L’istrionico fondatore del Movimento 5 Stelle, colui senza il quale mai le idee e le futuribili suggestioni di Gianroberto Casaleggio avrebbero potuto concretarsi in un movimento politico dal vasto consenso popolare, non poteva accettare oltre la trasformazione della sua creatura in partito, per di più nel partito leaderistico dell’avvocato Conte.
C’è un conflitto di personalità ma c’è anche una visione diversa, molto diversa, della filosofia e della missione del movimento. Che era sorto su base nazionale per contestare alla radice, con argomentazioni per lo più populistiche e anti-politiche, favorite peraltro dalla decadenza culturale e politica dei partiti tradizionali, l’intero sistema istituzionale: un movimento d’opinione veicolato dalla rete che aveva un solo obiettivo, ovvero cacciare tutti gli altri, corrotti per antonomasia, e avviare una immaginata democrazia digitale (senza spiegare peraltro cosa essa significasse nel concreto) essenzialmente giustizialista, ambientalista, pacifista.
Meno interessato, invece, ad altre tematiche pure importanti e contemporanee, quali ad esempio le migrazioni o l’unità europea. E per nulla disponibile a farsi coinvolgere nella politica-politicante del sistema partitico (“apriremo il parlamento come una scatoletta di tonno”). Il vincolo dei due mandati dimostra(va) la coerenza con questo intendimento.
Il M5S di Conte è tutt’altra cosa. E fa specie ascoltare i suoi colonnelli dichiarare, in perfetto politichese, che le “esperienze” maturate possono essere utili (ovvero: si abolisca il vincolo),
Dopo averne cambiato lo statuto ora Conte mira dunque a prendersi per intero il partito emarginando Grillo (dopo aver fatto fuori i suoi uomini, quelli della prima ondata) attraverso un’assemblea di base organizzata puntualmente alla bisogna. Un golpe che Grillo, ancorché invecchiato e non più pungente come nei suoi tempi migliori, non può consentire.

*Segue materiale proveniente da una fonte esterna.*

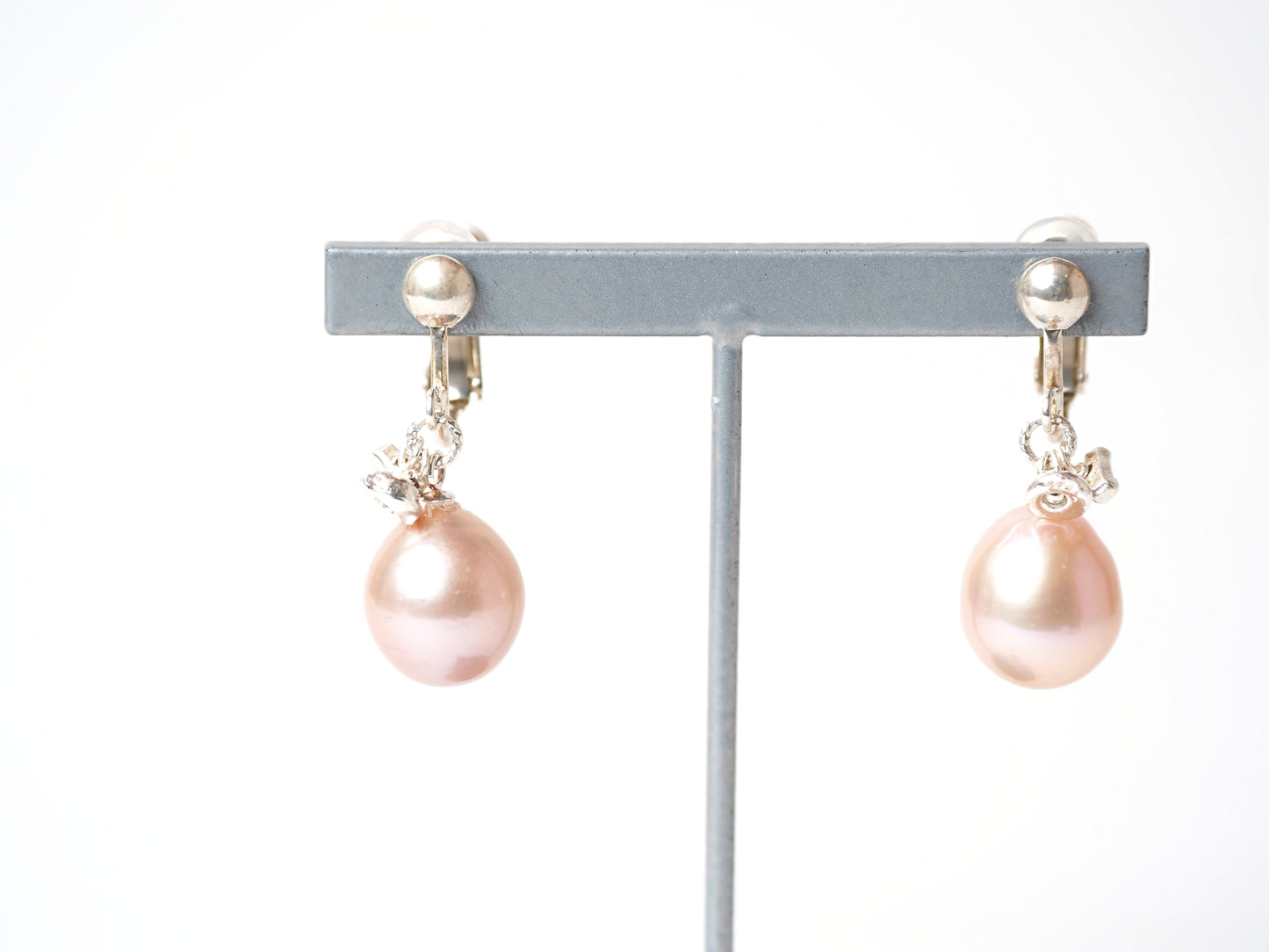lavender pearl earrings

Non può consentire al proprio ego che il vanitoso e ambizioso avvocato pugliese stravolga la sua creatura sfidandolo apertamente. Cosa che – nella sorpresa dei tanti che ne avevano apprezzato il fare presidenziale ai tempi dei suoi due governi – di fatto fece quando davanti al portone di Palazzo Chigi, dal quale era stato costretto ad andarsene, si tolse la cravatta, si sfilò la mitica pochette, e si dichiarò disponibile ad aiutare il Movimento.
Ma chi – Grillo fra questi – ne aveva osservato con una qualche perplessità il camaleontismo nel passaggio dal governo con Salvini a quello col Pd ne aveva colto la brama di potere, finanche la ferocia con la quale lo perseguiva e lo avrebbe perseguito. Dietro alla valanga di parole, a pensieri spesso poco intelligibili, all’oscurità del linguaggio e alla vaghezza dei contenuti si cela infatti un personaggio che coltiva una sola, pervicace ossessione: tornare a Chigi.
Ora, però, dopo il magro risultato elettorale europeo Conte necessita di uno scatto, per essere libero di guidare il M5S (ma cambierà anche la denominazione, questo è certo) verso lidi nuovi o pure vecchi, inesplorati o anche già percorsi, chissà. Coltivando un populismo diverso, disponibile al compromesso quando serve, al trasformismo quando utile, al radicalismo quando necessario.
Un alleato infido per Elly Schlein. Un avversario da stroncare, per Beppe Grillo.